**The task**
The lines to copy run from the one containing "Blue Daisy Thumb Cup" to the last line of the entries; output those lines exactly and only them, without pictures.

☆ ☆ ☆ ☆ ☆ ☆ ☆

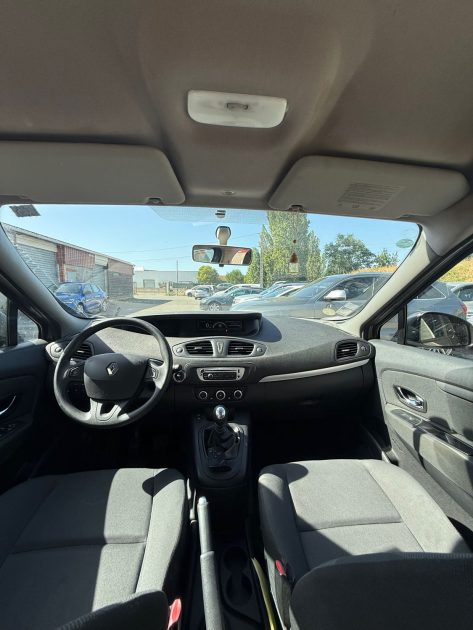 RENAULT SCENICIII 1.5 DCI 110 AUTHENTIQUE 2013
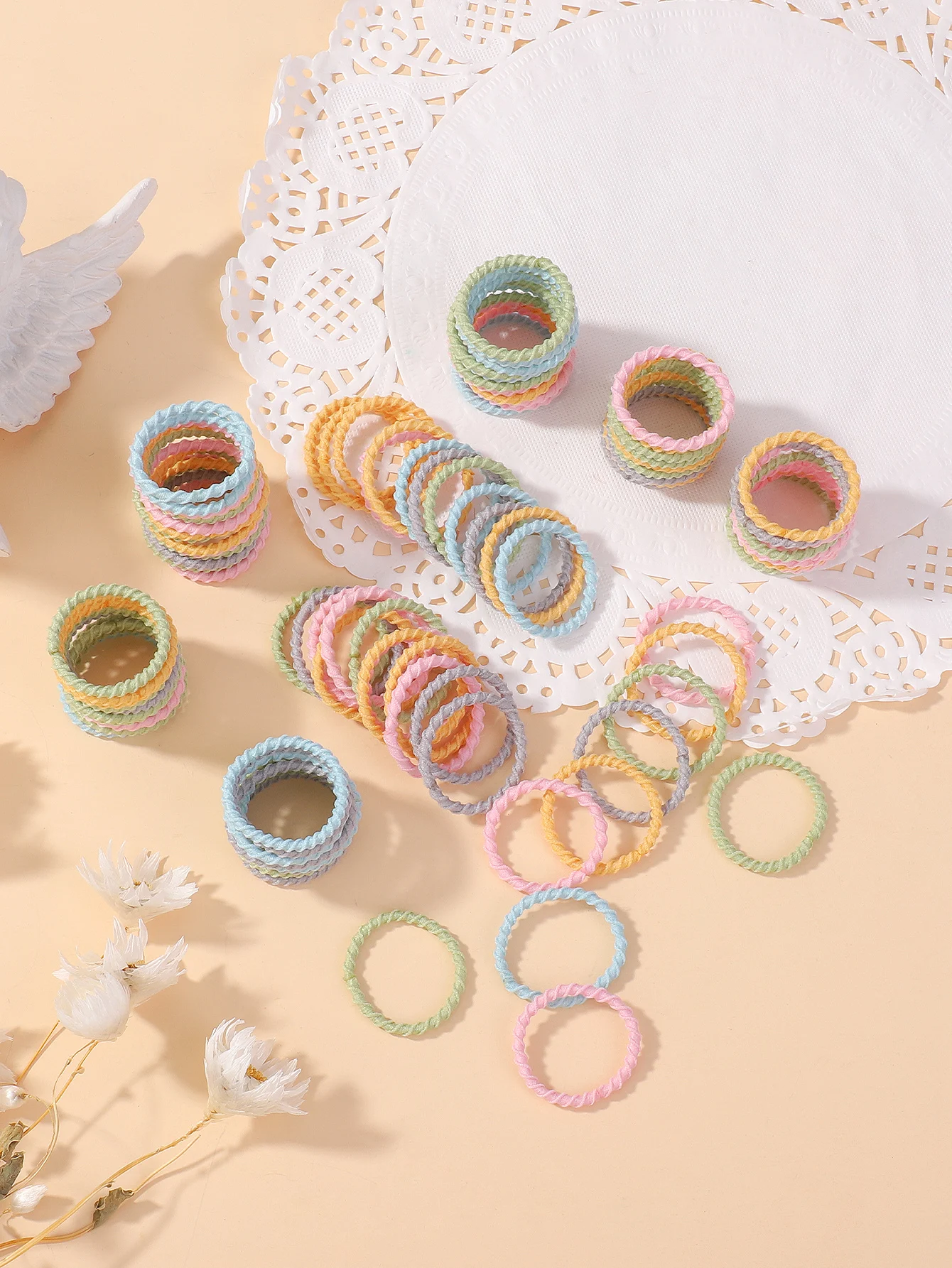 Conjunto de faixa de borracha colorida para crianças pequenas, 100 peças, 2cm de altura, anéis de polegar elásticos que não machucam o cabelo, scrunchies de bebê, linha pequena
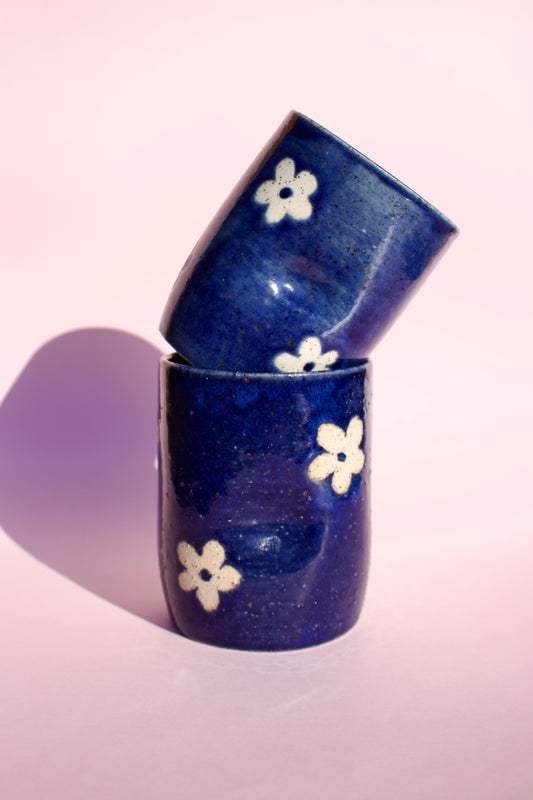 Blue Daisy Thumb Cup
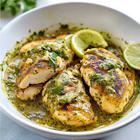 Sočna piletina iz pećnice sa zelenom salsom i sirom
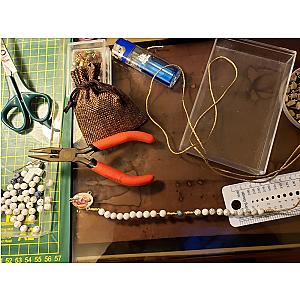 Conjunto de materiales para la elaboración de artículos devocionales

☆ ☆ ☆ ☆ ☆ ☆ ☆

**Reply to the task**
 Blue Daisy Thumb Cup
 Sočna piletina iz pećnice sa zelenom salsom i sirom
 Conjunto de materiales para la elaboración de artículos devocionales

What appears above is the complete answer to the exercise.